And as if to make assurance doubly sure, the Articles of Union not only reserved to each province all powers not absolutely essential for carrying on the war in common, but by an express article (the 13th), declared that Holland and Zealand should regulate the matter of religion according to their own discretion, while the other provinces might conform to the provisions of the “Religious Peace” which included mutual protection for Catholics and Protestants—or take such other order as seemed most conducive to the religious and secular rights of the inhabitants. It was stipulated that no province should interfere with another in such matters, and that every individual in them all should remain free in his religion, no man being molested or examined on account of his creed. A farther declaration in regard to this famous article was made to the effect that no provinces or cities which held to the Roman Catholic religion were to be excluded from the League of Union if they were ready to conform to its conditions and comport themselves patriotically. Language could not be devised to declare more plainly than was done by this treaty that the central government of the League had neither wish nor right to concern itself with the religious affairs of the separate cities or provinces. If it permitted both Papists and Protestants to associate themselves against the common foe, it could hardly have been imagined, when the Articles were drawn, that it would have claimed the exclusive right to define the minutest points in a single Protestant creed.

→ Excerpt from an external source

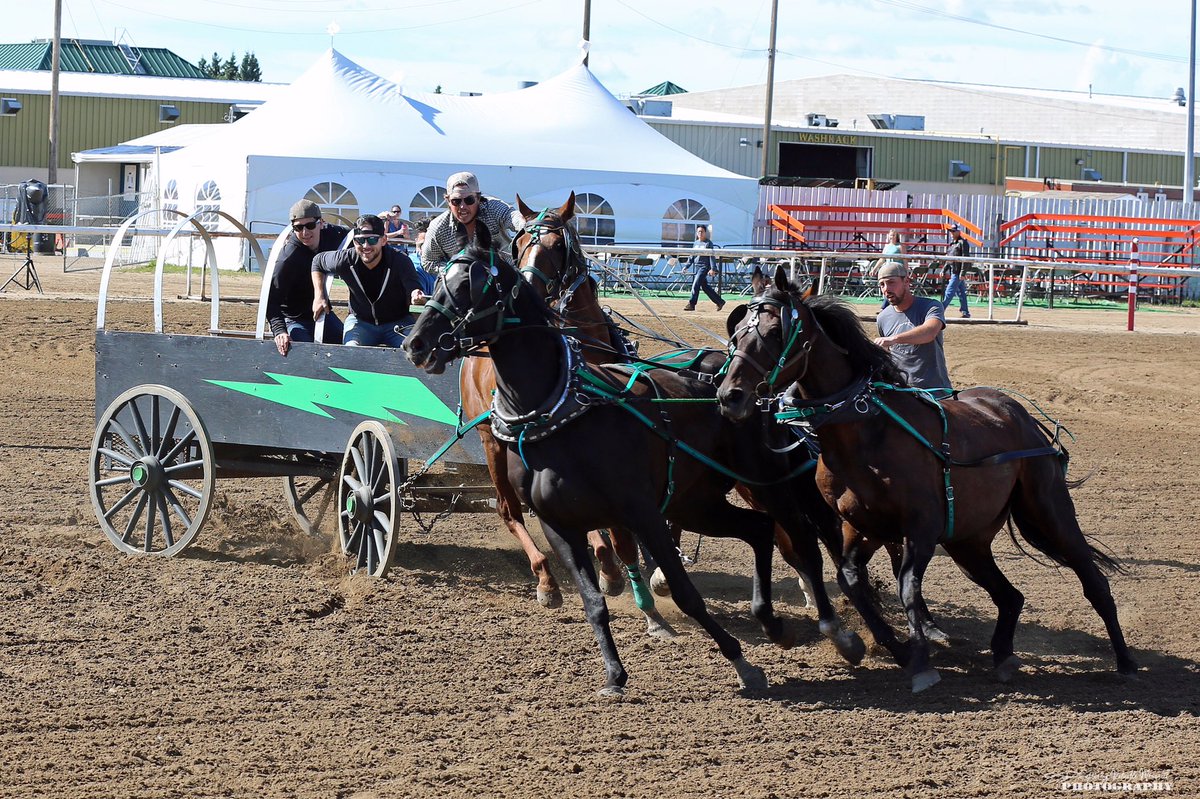 When <a href="/BrettKissel/">BRETT KISSEL</a> gets in town... You get the party with a chuckwagon ride!! #cpcafinals #cabaret #brettkissel 👏💯🍻🤠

And if the exclusively secular parts of the polity prevailing in the country were clumsy, irregular, and even monstrous, and if its defects had been flagrantly demonstrated by recent events, a more reasonable method of reforming the laws might have been found than the imprisonment of a man who had faithfully administered them forty years long.
A great commonwealth had grown out of a petty feudal organism, like an oak from an acorn in a crevice, gnarled and distorted, though wide-spreading and vigorous. It seemed perilous to deal radically with such a polity, and an almost timid conservatism on the part of its guardians in such an age of tempests might be pardonable.
Moreover, as before remarked, the apparent imbecility resulting from confederacy and municipalism combined was for a season remedied by the actual preponderance of Holland. Two-thirds of the total wealth and strength of the seven republics being concentrated in one province, the desired union seemed almost gained by the practical solution of all in that single republic. But this was one great cause of the general disaster.